▸ Task to carry out: Tally the lines below containing the word "Roller" and give that total alone.

▸ Data for this task:
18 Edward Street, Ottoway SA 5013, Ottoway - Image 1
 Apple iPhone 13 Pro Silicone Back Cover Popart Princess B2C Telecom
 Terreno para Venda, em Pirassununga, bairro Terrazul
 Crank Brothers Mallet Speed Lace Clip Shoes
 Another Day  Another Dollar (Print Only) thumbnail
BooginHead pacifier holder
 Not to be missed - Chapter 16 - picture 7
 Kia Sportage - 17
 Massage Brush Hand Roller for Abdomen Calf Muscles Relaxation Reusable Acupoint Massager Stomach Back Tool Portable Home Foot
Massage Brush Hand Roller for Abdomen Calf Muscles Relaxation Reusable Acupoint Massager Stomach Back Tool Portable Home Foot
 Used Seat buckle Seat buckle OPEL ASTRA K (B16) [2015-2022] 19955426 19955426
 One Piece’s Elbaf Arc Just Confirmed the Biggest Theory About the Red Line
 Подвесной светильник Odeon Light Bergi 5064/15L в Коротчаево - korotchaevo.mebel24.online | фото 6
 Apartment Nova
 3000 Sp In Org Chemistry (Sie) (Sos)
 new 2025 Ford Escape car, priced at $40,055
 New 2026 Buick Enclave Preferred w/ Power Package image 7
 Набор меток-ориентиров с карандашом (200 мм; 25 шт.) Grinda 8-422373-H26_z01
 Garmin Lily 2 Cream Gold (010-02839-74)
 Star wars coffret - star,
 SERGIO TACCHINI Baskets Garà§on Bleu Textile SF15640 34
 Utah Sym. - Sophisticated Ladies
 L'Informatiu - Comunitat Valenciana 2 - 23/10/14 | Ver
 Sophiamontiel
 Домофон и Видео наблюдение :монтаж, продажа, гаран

▸ Answer: 2